**AIM OF THE TASK:** Omit any picture, and return the remaining data exactly as written.

**EXERCISE MATERIAL:**
* * * *

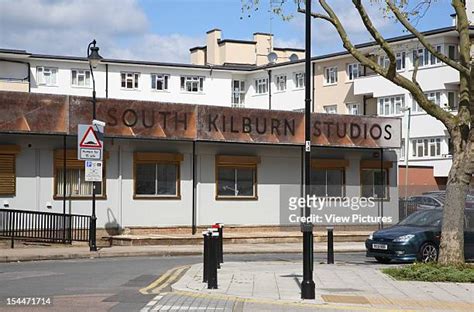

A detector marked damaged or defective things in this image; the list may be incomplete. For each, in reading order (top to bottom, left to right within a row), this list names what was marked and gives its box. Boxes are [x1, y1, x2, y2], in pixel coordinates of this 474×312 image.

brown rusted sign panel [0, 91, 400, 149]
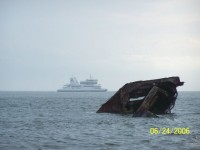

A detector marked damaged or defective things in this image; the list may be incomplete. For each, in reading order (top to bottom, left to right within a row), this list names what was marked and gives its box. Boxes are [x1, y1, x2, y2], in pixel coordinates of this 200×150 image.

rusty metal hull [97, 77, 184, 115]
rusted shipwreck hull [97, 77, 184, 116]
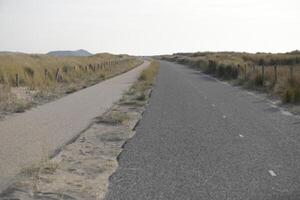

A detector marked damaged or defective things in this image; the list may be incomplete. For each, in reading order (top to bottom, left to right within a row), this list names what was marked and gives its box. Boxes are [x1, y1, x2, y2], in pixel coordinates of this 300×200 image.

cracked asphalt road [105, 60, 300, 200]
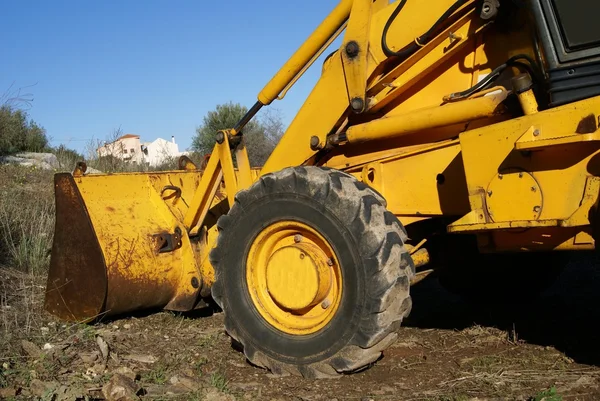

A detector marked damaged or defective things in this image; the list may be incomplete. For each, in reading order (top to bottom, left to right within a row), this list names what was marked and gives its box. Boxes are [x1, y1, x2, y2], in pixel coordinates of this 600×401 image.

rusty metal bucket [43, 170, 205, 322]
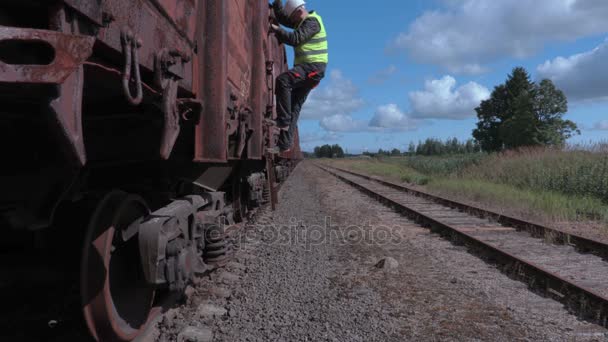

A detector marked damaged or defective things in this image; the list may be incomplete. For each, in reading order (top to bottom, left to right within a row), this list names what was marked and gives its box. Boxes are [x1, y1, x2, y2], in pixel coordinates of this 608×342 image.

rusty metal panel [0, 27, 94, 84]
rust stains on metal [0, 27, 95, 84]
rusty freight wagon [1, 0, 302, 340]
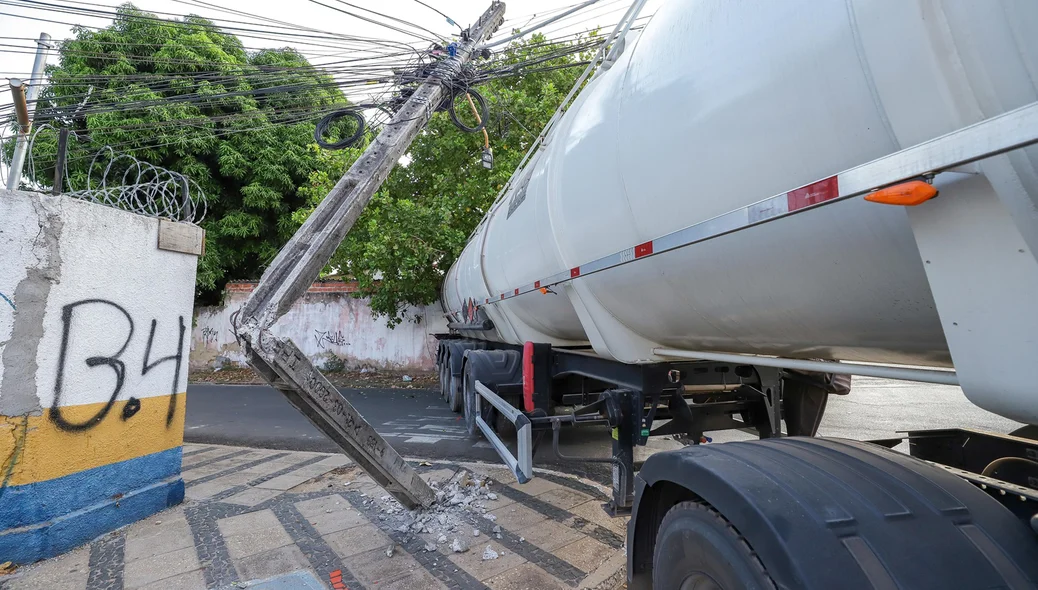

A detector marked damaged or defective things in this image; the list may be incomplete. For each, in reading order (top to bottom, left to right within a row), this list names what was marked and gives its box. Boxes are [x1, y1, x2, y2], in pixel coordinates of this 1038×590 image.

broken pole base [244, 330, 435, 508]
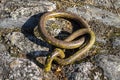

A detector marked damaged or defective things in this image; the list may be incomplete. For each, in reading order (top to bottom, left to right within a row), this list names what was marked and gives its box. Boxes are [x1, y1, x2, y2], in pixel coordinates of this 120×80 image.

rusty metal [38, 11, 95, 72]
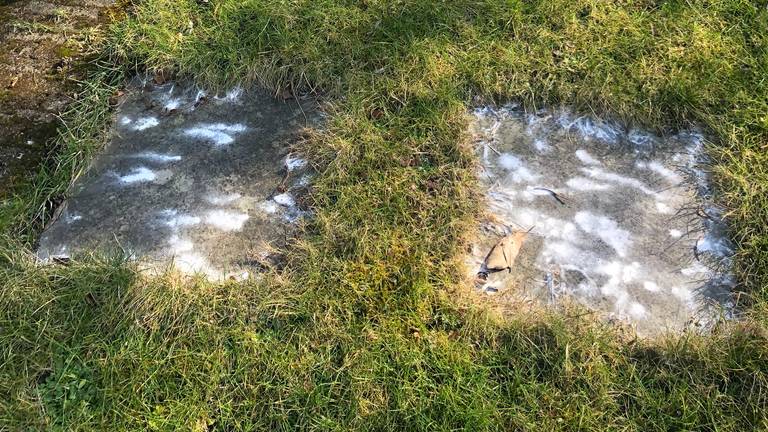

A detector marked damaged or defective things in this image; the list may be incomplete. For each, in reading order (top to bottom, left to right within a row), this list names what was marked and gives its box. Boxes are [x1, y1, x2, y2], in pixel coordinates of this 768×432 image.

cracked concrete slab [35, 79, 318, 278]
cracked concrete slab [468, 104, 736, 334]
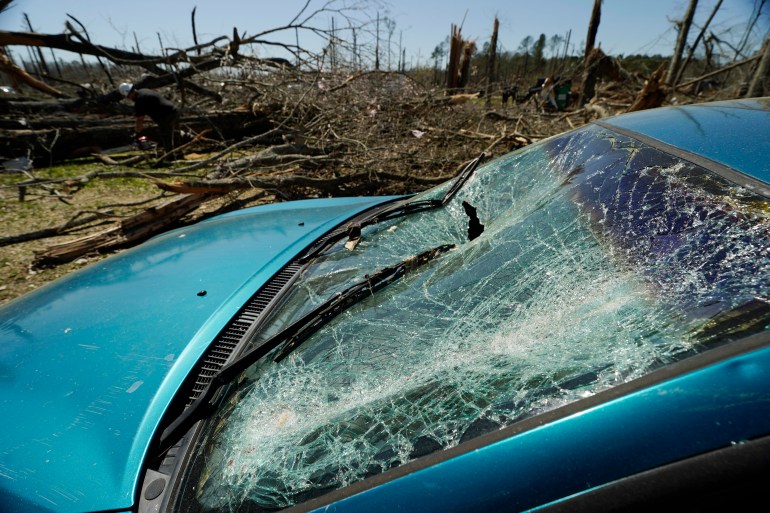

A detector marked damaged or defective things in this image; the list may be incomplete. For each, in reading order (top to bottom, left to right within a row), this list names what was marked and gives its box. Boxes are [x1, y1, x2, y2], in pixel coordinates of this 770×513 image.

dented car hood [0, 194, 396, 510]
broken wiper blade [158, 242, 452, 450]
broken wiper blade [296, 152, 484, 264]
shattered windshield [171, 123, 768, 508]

* * * *

**RESPONSE:**
A detector marked damaged or defective things in this image; the list may be incomplete. For each, in reading order (top to bottom, left to right within a row), this list names what was marked and gives its box. Boxes are [x1, y1, x2, y2], in pixel coordinates of this 474×312 image.

brown rusted sign panel [0, 91, 400, 149]

A detector marked damaged or defective things in this image; the list may be incomplete. For each, in reading order (top to bottom, left to right within a row), this list names what was marked and gives its box. Boxes are [x1, y1, x2, y2], in pixel coordinates of this 200×150 image.

rusty metal hull [97, 77, 184, 115]
rusted shipwreck hull [97, 77, 184, 116]

A detector marked damaged or defective things in this image; the list may be incomplete. For each, in reading order (top to bottom, left to right within a row), this list names what was marked and gives its box. Boxes are [x1, y1, x2, y2], in pixel coordinates of this 300×200 image.

cracked asphalt road [105, 60, 300, 200]

A detector marked damaged or defective things in this image; the list may be incomplete. For each, in reading order (top to bottom, left to right within a row), this list names what was marked and gives its box. Boxes are [x1, y1, x2, y2], in pixel coordinates of this 600×401 image.

rusty metal bucket [43, 170, 205, 322]

A detector marked damaged or defective things in this image; the list may be incomplete. For each, in reading order (top to bottom, left to right within a row), this list names what was marked and gives its box. Boxes are [x1, y1, x2, y2], in pixel coordinates of this 608×342 image.

rusty metal panel [0, 27, 94, 84]
rust stains on metal [0, 27, 95, 84]
rusty freight wagon [1, 0, 302, 340]

A detector marked damaged or defective things in this image; the list may be incomplete. For each, in reading order (top to bottom, left to right within a row), this list names what was marked and gives its box. Boxes are [x1, y1, x2, y2], in pixel coordinates of this 1038×590 image.

broken pole base [244, 330, 435, 508]

A detector marked damaged or defective things in this image; the list may be incomplete. For each, in reading order (top to bottom, left to right within a row), this list names what was marked and gives its box. Boxes are [x1, y1, x2, y2], in pixel coordinates of this 120×80 image.

rusty metal [38, 11, 95, 72]

A detector marked damaged or defective things in this image; the list may be incomplete. For each, in reading order (top to bottom, left to right within a row), this list names what was marked and gives its box. Boxes are [x1, y1, x2, y2], in pixel coordinates of this 768×432 image.

cracked concrete slab [35, 79, 318, 278]
cracked concrete slab [468, 104, 736, 334]

A detector marked damaged or defective things in this image; the list may be incomplete. For each, in reading order (top to bottom, left to right within a row), this list names what was marked and gives its box. Boxes are [x1, y1, x2, y2], in pixel coordinates of this 770×513 image.

dented car hood [0, 194, 396, 510]
broken wiper blade [158, 242, 452, 450]
broken wiper blade [296, 152, 484, 264]
shattered windshield [171, 123, 768, 508]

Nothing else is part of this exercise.